--- Entries supplied ---

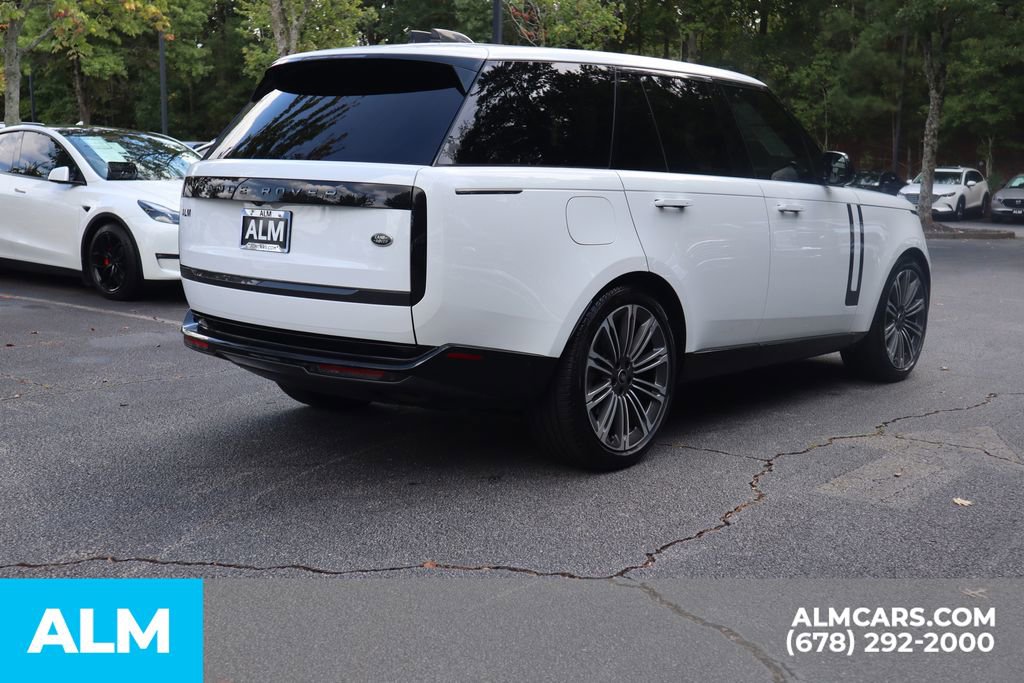 Used 2023 Land Rover Range Rover SE image 6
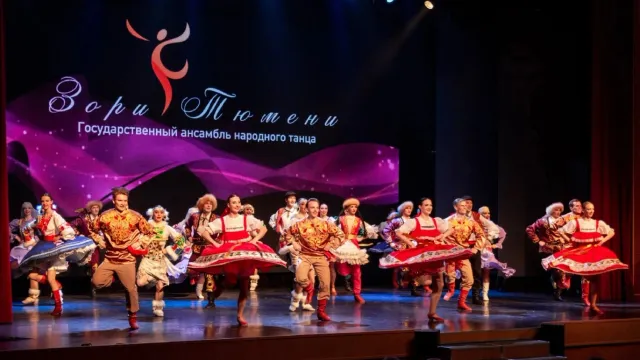 Танцоры в своем творчестве обратились к культуре разных народов. Фото: vk.com/anoyabrsk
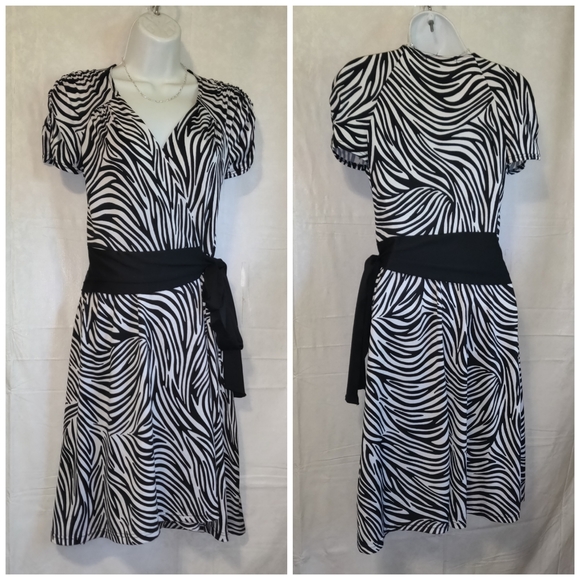 J•F•W Dresses & Skirts - 🗺️ J•F•W Pretty Zebra Wrap Dress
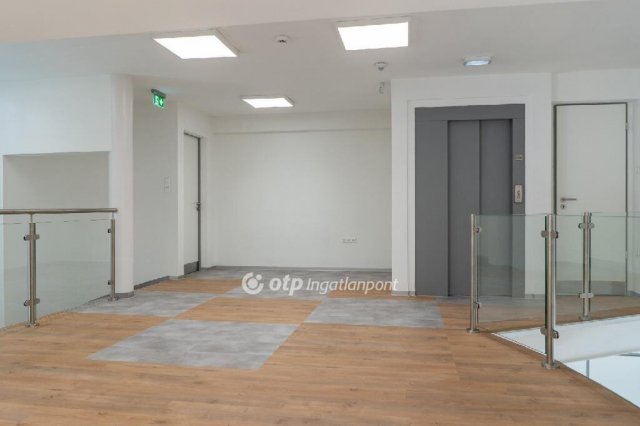Eladó iroda, Debrecenben 750 M Ft / költözzbe.hu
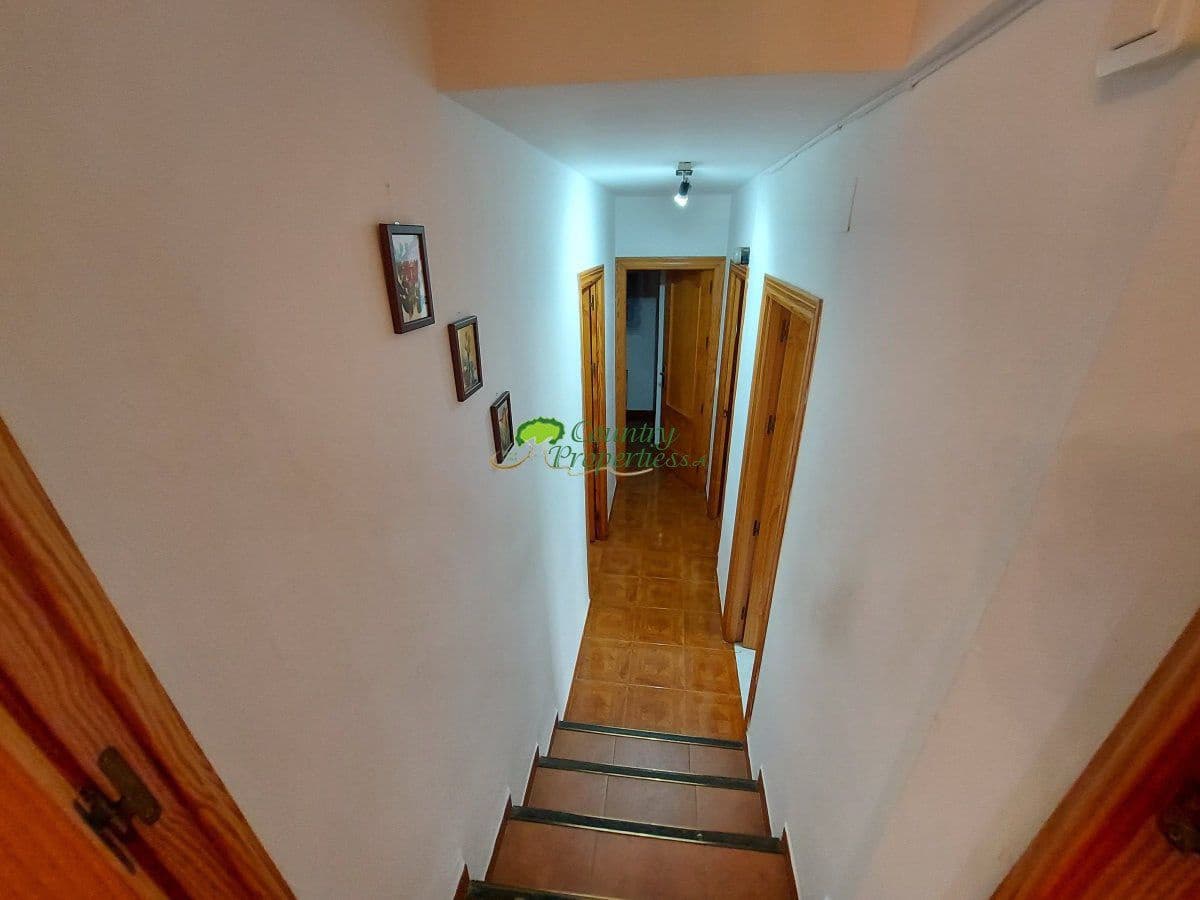 4 sovrum Finca/Hus på landet till salu i Alcaucin med garage - 334 000 € (Ref: 8473579)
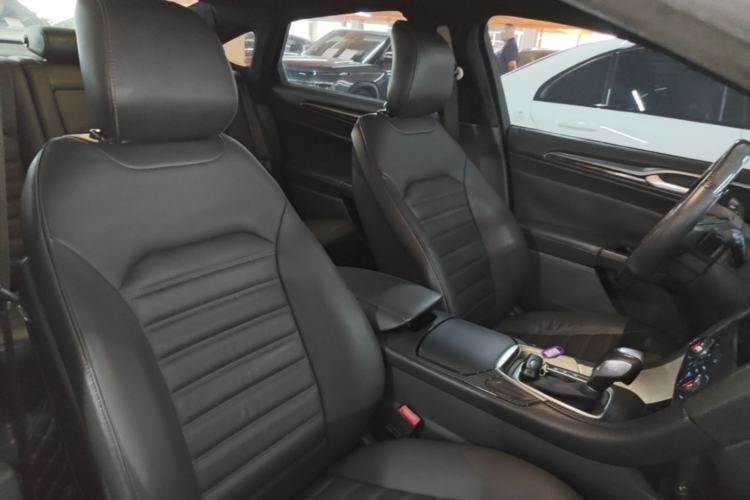 Used Ford Mondeo 2013 2.0L GTDi 200 Fashion Edition Right Front Seat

---

* [Exercise directions]: Reprint every record exactly and skip the pictures.

* [Answer to the exercise]:
 Used 2023 Land Rover Range Rover SE image 6
 Танцоры в своем творчестве обратились к культуре разных народов. Фото: vk.com/anoyabrsk
 J•F•W Dresses & Skirts - 🗺️ J•F•W Pretty Zebra Wrap Dress
Eladó iroda, Debrecenben 750 M Ft / költözzbe.hu
 4 sovrum Finca/Hus på landet till salu i Alcaucin med garage - 334 000 € (Ref: 8473579)
 Used Ford Mondeo 2013 2.0L GTDi 200 Fashion Edition Right Front Seat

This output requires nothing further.